Camp Stevens Food Philosophy
At
Camp Stevens we take great care to prepare delicious and nutritious meals for
our guests and resident staff, carrying our respect for our Earth from the garden
into the kitchen and onto the table. We prefer to sit down together, family
style in order to celebrate the bounty and to promote a community atmosphere.
A significant
part of our environmental stewardship revolves around the camp kitchen. The
types of food we serve, how they are prepared, stored and the re-use of waste
products all affect the health of our bodies and our planet.
Our aim
is to provide excellent alternatives to the typical processed camp style meals
and to continue to satisfy all appetites, from the summer camper to the sophisticated
palate.
- We seek
to support the most sustainable food production methods by using organic products
(free from harmful pesticides, fertilizers, preservatives and additives and
non-genetically modified).
- We do
our best to prepare your meals using healthy cooking methods to preserve the
nutritive value of the food.
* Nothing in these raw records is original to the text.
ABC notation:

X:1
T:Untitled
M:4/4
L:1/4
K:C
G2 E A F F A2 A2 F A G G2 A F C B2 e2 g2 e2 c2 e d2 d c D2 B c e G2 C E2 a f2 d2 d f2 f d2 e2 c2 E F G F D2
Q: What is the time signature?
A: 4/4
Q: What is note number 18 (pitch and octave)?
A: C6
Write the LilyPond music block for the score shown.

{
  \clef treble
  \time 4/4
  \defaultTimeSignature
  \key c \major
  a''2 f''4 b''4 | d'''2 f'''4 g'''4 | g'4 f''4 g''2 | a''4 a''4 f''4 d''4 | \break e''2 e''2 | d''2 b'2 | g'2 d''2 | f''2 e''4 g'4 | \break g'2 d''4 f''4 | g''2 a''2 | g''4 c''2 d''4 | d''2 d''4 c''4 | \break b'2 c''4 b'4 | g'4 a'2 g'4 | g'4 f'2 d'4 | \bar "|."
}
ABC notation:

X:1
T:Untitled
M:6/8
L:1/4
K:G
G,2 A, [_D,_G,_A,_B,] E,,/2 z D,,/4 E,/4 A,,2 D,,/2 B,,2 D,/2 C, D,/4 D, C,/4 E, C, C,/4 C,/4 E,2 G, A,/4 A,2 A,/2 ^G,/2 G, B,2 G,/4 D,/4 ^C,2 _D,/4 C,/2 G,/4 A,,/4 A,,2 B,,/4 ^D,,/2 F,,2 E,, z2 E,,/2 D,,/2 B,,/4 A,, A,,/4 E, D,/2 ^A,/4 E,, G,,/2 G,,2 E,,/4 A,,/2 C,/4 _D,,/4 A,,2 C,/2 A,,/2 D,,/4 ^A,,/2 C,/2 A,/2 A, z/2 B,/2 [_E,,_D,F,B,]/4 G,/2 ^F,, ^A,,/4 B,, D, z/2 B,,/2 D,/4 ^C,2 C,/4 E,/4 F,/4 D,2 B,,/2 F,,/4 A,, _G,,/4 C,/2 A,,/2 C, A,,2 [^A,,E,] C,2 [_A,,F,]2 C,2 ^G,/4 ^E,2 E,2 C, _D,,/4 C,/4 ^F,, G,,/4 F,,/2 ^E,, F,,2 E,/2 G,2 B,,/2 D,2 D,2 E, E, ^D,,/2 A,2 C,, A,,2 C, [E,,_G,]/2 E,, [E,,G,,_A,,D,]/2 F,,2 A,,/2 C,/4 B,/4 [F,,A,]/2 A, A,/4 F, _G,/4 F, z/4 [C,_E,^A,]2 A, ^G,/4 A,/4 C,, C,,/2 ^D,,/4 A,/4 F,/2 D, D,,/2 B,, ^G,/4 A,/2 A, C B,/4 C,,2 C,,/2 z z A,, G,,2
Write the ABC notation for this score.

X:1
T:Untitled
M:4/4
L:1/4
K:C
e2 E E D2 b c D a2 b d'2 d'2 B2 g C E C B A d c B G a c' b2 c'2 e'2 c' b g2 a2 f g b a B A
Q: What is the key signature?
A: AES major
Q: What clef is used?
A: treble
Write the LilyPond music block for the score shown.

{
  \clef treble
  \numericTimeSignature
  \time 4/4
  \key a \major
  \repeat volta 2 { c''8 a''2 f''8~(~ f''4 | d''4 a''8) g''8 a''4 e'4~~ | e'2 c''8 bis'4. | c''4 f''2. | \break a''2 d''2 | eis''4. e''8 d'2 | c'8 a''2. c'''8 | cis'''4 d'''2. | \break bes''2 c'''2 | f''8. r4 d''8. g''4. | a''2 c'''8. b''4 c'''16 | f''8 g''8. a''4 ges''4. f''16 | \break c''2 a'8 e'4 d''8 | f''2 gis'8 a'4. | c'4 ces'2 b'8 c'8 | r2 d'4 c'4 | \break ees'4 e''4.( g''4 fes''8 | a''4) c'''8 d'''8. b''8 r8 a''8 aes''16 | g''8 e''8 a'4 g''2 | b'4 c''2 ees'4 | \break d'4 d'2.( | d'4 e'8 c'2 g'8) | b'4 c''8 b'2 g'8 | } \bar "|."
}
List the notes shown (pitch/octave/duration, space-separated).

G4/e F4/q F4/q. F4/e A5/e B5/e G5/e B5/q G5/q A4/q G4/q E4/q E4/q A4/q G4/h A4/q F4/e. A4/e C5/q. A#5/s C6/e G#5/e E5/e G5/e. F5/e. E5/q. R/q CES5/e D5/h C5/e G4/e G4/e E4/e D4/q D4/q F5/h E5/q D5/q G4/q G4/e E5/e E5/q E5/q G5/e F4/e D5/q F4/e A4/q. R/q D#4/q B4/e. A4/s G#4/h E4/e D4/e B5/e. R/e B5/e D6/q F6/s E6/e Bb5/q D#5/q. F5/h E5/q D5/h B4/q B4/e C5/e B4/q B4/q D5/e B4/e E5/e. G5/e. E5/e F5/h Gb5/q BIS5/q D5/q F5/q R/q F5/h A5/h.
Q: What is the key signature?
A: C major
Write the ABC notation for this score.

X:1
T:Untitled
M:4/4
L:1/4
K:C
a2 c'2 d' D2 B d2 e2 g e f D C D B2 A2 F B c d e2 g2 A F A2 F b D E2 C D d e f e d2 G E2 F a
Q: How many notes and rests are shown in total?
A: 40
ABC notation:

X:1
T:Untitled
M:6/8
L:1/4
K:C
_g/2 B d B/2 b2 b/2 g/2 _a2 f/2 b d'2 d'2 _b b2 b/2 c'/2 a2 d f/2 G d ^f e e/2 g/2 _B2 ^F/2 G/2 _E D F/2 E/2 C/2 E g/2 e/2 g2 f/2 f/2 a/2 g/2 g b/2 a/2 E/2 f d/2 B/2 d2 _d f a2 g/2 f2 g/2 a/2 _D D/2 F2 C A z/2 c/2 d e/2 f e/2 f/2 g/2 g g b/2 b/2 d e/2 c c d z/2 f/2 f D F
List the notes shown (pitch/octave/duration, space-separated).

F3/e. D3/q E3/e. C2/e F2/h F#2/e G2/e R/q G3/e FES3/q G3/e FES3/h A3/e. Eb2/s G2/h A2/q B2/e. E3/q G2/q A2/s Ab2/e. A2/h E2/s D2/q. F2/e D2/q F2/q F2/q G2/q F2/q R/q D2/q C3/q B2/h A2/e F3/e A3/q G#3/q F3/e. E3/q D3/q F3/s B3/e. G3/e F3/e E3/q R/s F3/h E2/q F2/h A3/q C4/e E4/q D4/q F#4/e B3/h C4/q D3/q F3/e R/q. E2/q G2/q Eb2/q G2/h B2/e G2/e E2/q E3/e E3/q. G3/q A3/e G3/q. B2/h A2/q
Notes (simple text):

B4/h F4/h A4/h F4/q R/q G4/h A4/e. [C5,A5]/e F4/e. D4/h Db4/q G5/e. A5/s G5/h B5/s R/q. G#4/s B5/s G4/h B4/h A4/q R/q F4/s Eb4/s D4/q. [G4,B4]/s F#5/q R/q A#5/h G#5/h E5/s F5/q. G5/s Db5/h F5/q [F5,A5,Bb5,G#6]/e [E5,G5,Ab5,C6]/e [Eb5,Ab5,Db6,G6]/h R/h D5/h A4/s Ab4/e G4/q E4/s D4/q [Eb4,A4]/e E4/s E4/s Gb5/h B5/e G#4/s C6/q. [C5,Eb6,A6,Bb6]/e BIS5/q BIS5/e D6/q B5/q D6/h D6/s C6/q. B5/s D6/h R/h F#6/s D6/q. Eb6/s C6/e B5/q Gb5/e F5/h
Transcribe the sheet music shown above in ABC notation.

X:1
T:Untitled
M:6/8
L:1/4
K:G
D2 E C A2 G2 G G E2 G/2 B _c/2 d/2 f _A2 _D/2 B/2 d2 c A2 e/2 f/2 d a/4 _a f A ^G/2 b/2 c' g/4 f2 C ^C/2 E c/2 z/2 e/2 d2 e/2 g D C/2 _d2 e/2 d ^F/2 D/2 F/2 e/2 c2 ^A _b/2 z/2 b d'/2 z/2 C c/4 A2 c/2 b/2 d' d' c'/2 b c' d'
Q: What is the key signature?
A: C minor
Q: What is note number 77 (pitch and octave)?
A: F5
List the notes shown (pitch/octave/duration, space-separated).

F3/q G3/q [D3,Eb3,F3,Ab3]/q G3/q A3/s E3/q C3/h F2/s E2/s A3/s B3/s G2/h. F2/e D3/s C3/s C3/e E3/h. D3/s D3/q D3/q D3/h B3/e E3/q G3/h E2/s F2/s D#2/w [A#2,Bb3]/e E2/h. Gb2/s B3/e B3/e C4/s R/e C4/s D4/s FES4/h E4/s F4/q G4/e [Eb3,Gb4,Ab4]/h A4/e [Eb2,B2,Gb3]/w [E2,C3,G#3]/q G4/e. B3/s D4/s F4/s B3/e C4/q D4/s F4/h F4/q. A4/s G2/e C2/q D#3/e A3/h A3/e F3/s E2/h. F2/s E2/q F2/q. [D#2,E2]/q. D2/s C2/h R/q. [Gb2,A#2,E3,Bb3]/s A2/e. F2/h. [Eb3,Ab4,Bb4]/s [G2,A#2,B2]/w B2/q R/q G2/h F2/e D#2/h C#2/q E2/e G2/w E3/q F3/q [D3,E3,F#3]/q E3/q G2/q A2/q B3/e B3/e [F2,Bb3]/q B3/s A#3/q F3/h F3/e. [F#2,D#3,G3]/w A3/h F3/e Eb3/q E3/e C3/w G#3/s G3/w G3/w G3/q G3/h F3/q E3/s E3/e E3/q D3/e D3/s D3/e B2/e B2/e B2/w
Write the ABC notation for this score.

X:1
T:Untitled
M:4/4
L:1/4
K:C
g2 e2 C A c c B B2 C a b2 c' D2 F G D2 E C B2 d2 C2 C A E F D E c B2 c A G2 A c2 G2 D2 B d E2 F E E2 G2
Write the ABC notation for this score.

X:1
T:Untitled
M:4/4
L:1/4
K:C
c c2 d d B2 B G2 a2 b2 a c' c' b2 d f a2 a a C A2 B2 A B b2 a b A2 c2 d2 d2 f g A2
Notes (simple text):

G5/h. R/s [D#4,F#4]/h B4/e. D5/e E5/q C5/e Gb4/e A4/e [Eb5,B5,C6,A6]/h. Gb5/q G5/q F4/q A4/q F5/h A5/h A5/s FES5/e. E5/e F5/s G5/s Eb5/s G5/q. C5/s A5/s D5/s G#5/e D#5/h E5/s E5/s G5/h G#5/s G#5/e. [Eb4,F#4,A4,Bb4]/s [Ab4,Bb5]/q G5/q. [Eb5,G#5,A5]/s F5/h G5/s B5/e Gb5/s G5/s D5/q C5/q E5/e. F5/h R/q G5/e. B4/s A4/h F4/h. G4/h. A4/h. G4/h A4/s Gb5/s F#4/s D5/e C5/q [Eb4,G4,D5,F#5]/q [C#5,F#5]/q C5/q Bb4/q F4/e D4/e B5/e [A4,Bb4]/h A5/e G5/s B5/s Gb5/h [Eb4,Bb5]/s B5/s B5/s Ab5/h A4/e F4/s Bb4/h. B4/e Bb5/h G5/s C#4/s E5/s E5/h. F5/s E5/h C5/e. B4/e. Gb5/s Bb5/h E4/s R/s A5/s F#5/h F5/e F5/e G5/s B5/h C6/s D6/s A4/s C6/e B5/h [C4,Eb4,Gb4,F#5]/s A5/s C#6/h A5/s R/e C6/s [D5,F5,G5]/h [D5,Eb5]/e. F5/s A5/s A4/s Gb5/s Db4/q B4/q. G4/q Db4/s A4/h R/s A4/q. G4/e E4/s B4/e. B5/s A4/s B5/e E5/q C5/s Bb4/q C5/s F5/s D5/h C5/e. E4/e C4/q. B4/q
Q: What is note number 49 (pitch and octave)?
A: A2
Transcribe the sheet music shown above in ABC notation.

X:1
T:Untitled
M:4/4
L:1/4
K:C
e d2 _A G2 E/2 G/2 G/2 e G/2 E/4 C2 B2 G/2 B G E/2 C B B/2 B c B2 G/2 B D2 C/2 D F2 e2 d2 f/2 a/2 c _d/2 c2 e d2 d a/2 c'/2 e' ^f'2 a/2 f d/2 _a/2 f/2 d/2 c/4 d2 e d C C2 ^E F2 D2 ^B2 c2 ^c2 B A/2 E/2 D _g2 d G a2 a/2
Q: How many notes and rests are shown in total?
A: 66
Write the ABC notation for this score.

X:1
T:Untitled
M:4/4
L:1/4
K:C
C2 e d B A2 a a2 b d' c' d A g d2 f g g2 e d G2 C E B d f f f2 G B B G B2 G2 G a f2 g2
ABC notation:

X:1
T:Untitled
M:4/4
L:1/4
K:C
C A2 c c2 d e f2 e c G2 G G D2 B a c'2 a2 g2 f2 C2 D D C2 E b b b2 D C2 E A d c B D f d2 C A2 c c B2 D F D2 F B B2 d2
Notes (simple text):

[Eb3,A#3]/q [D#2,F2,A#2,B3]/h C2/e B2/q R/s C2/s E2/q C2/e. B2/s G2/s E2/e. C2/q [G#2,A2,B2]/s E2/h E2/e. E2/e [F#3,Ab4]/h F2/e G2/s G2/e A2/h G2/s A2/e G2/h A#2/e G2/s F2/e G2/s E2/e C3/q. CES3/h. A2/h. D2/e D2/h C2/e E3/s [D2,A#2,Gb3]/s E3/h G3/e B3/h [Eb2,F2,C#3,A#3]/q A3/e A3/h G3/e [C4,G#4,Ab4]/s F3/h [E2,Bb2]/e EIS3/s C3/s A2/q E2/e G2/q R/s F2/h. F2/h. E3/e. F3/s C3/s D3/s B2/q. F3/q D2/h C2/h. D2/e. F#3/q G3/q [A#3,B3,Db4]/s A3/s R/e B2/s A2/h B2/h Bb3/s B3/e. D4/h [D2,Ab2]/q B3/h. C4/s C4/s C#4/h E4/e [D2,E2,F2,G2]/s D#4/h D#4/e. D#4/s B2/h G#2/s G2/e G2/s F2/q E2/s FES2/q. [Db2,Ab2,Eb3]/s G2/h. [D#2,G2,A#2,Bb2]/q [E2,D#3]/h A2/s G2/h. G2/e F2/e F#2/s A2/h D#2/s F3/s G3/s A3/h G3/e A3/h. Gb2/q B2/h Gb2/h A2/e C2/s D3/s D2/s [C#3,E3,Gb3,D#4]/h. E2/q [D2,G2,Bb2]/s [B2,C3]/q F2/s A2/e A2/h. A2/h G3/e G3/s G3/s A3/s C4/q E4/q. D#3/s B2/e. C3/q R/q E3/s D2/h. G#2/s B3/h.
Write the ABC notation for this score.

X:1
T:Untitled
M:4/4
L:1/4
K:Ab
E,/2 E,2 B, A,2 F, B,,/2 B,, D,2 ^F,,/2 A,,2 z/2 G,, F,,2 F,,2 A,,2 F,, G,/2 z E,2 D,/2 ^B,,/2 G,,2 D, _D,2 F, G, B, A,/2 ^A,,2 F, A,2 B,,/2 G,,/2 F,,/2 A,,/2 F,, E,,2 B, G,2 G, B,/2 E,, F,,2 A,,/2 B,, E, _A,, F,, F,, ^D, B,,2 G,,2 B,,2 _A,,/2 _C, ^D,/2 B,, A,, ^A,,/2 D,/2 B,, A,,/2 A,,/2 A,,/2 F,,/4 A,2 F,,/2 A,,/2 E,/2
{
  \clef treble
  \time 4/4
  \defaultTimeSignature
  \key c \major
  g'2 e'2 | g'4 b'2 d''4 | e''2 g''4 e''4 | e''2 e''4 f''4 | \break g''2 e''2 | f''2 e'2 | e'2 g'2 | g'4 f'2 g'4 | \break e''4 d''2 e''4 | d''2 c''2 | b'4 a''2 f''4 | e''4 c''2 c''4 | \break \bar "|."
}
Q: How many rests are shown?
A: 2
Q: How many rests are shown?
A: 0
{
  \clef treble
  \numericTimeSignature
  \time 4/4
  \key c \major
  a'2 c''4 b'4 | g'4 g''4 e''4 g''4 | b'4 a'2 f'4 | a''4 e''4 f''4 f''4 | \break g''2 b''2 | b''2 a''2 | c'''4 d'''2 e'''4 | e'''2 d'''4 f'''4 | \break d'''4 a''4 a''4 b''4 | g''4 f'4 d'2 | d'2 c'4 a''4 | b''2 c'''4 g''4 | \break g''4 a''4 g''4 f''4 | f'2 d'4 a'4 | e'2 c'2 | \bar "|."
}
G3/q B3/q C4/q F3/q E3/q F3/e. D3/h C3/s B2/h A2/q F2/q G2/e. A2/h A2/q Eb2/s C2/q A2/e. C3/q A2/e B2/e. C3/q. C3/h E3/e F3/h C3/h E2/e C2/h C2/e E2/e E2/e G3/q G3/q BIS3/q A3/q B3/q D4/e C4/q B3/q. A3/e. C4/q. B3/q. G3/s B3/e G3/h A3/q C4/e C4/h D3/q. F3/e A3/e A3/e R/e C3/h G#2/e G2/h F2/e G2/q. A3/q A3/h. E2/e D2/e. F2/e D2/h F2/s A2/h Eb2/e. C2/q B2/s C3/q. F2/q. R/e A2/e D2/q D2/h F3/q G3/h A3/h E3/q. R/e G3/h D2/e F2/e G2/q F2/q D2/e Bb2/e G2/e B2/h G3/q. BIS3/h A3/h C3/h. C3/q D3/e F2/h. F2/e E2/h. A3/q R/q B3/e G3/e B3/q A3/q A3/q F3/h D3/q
The majority of our meals are prepared by scratch,
using quality products. We keep the fat, sugar and sodium content low and
utilize organic whole grains, milled flours, herbs and spices.
- Our
dairy products are mostly organic, and the eggs are from free- range hens.
- The free-range
poultry we serve and are raised without the use of hormones and antibiotics.
- We choose
to not serve beef and pork due to the tremendous resources required to produce
a relatively small amount of protein, plus the effect the raising of such
livestock has on our environment. For more information, please refer to our
"Our Daily Bread" sheet.
- Our own
garden produces fresh organic fruits and vegetables and herbs, and we purchase
locally grown produce when available.
- The coffees
and teas we offer are shade grown, organic, and fair trade contracted and
proceeds from coffee profits go to supporting homeless shelters in Los Angeles.
- We purchase
products in bulk to minimize excessive packaging. We avoid non-recyclable
materials, and we vigilantly recycle all cardboard, glass, metal, plastics,
aluminum and tin containers.
- A great
deal of thought goes into planning meals to minimize waste by preparing the
correct amounts and utilizing excess food safely and creatively. We use quality
peelings and trimmings to make vegetable stocks for soups and sauces.
- We compost
plate scrapings and kitchen scraps, which in turn becomes our garden’s nutrient
rich soil, which grows our wonderful vegetables, fruits and herbs.